Case ID: f-appx_131/html/0426-01.html
Source: Caselaw Access Project
Author: {"author": "PER CURIAM:", "license": "Public Domain", "url": "https://static.case.law/"}
Date Created: 2024-08-24T03:29:51.129683

Lance D. STURGIS, Petitioner—Appellant, v. J. Michael STOUFFER; Attorney General for the State of Maryland, Respondents—Appellees.
    No. 04-7864.
    United States Court of Appeals, Fourth Circuit.

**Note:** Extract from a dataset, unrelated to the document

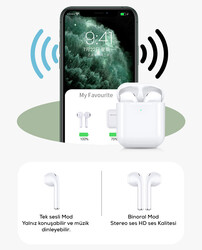 Wiwu Airbuds X Pro Light Sensor Bluetooth Kulaklık - 5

    Submitted: Mary 12, 2005.
    Decided: May 17, 2005.
    Lance D. Sturgis, Appellant pro se.
    John Joseph Curran, Jr., Attorney General, Anne Norman Bosse, Office of the Attorney General of Maryland, Baltimore, Maryland, for Appellees.

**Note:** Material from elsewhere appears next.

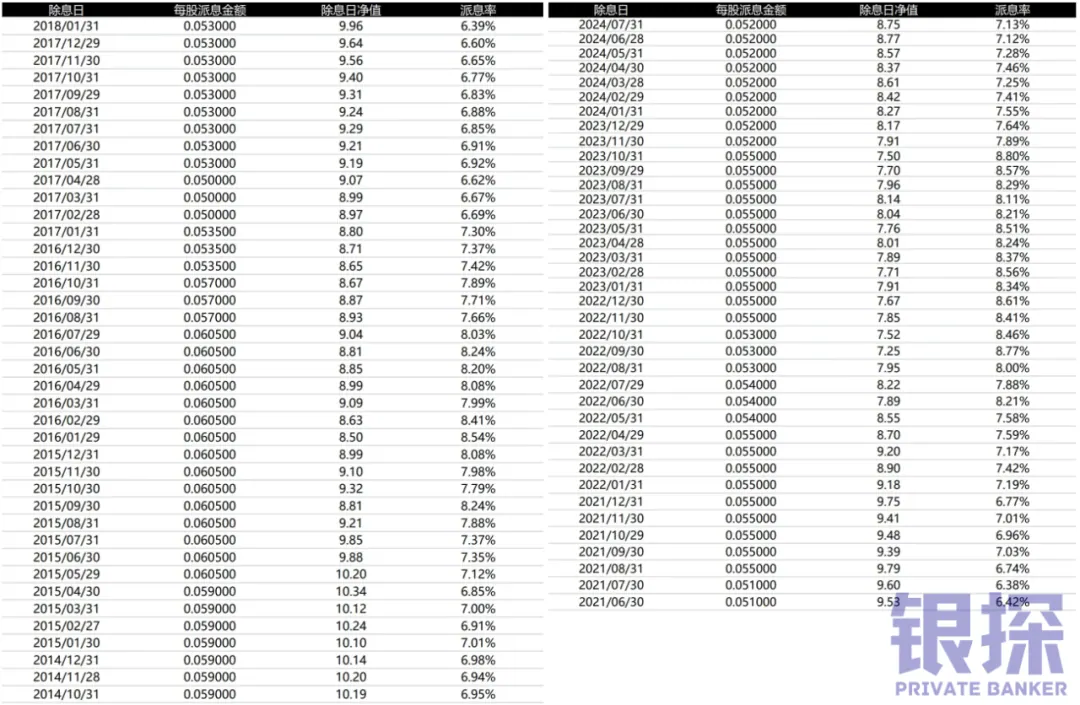 深扒一支派息基金 配图5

    Before TRAXLER, KING, and SHEDD, Circuit Judges.
    Dismissed by unpublished per curiam opinion.
    Unpublished opinions are not binding precedent in this circuit. See Local Rule 36(c).
   PER CURIAM:

Lance D. Sturgis, a state prisoner, seeks to appeal the district court’s order dismissing his petition filed under 28 U.S.C. § 2254 (2000) as time-barred under 28 U.S.C. § 2244(d)(1) (2000). The order is not appealable unless a circuit justice or judge issues a certificate of appealability. 28 U.S.C. § 2253(c)(1) (2000). A certificate of appealability will not issue absent “a substantial showing of the denial of a constitutional right.” 28 U.S.C. § 2253(c)(2) (2000). A prisoner satisfies this standard by demonstrating that reasonable jurists would find that his constitutional claims are debatable and that any dispositive procedural rulings by the district court are also debatable or wrong. See Miller-El v. Cockrell, 537 U.S. 322, 336, 123 S.Ct. 1029, 154 L.Ed.2d 931 (2003); Slack v. McDaniel, 529 U.S. 473, 484, 120 S.Ct. 1595, 146 L.Ed.2d 542 (2000); Rose v. Lee, 252 F.3d 676, 683 (4th Cir.2001). We have independently reviewed the record and conclude that Sturgis has not made the requisite showing. Accordingly, we deny a certificate of appealability, deny Sturgis’s motion for summary judgment, and dismiss the appeal. We dispense with oral argument because the facts and legal contentions are adequately presented in the materials before the court and argument would not aid the decisional process.